Ibnu_Mukhtar ہﮩ
Di tahun 97 H…
“Wahai Abu Hazim, berdoalah untukku.”, kata Amirul Mukminin Sulaiman bin Abdul Malik kepada Salamah bin Dinar Abu Hazim Al A-roj rohimahulloh. Beliau adalah seorang alim, cendekia dan Imam di kota Madinah.
Abu Hazim berkata : “ya Alloh, bila hamba-Mu Sulaiman ini adalah orang yang Kau cintai, maka mudahkanlah baginya jalan kebaikan di dunia dan di akhirat. Dan jika dia termasuk musuh-Mu, maka berilah hidayah kepada apa yang Engkau sukai dan Engkau ridhoi, aamiin.”
Salah satu hadirin berkata : “Alangkah buruknya perkataanmu tentang amirul mukminin. Engkau sebutkan kholifah muslimin termasuk musuh Alloh, kamu telah menyakiti perasaannya.”

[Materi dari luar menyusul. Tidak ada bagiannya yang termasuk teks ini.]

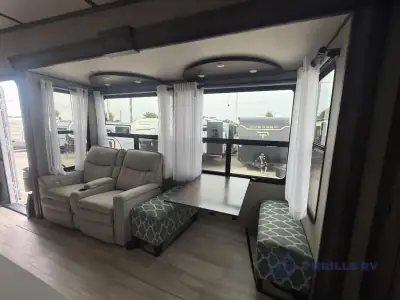 2022 Grand Design Solitude 280RK photo 3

Abu Hazim : “Justru perkataanmu itulah yang buruk. Ketahuilah bahwa Alloh telah mengambil janji para ulama agar berkata jujur : ‘Hendaklah kamu menerangkan isi kitab itu kepada manusia, dan janganlah kamu menyembunyikannya,’ QS. Ali Imron ayat 187
Beliau menoleh kepada Kholifah seraya berkata : “Wahai Amirul Mukminin, umat-umat terdahulu tinggal dalam kebaikan dan kebahagiaan selama para pemimpinnya selalu mendatangi ulama untuk mencari kebenaran pada diri mereka. Kemudian muncullah kaum dari golongan rendah yang mempelajari berbagai ilmu mendatangi para amir untuk mendapatkan kesenangan dunia. Selanjutnya para amir tersebut tak lagi menghiraukan perkataan ulama, maka merekapun menjadi lemah dan hina di mata Alloh.
Seandainya segolongan ulama itu tidak tamak terhadap apa yang di sisi para amir, tentulah amir-amir tersebut akan mendatangi mereka untuk mencari ilmu. Tetapi karena para ulama menginginkan apa yang ada di sisi para amir, maka para amir tak mau lagi menghiraukan ucapannya.”
Kholifah : “Anda benar…”
Dikutip dari Mereka adalah para Tabi’in, Pustaka At-Tibyan hal. 167-168, dengan sedikit perubahan.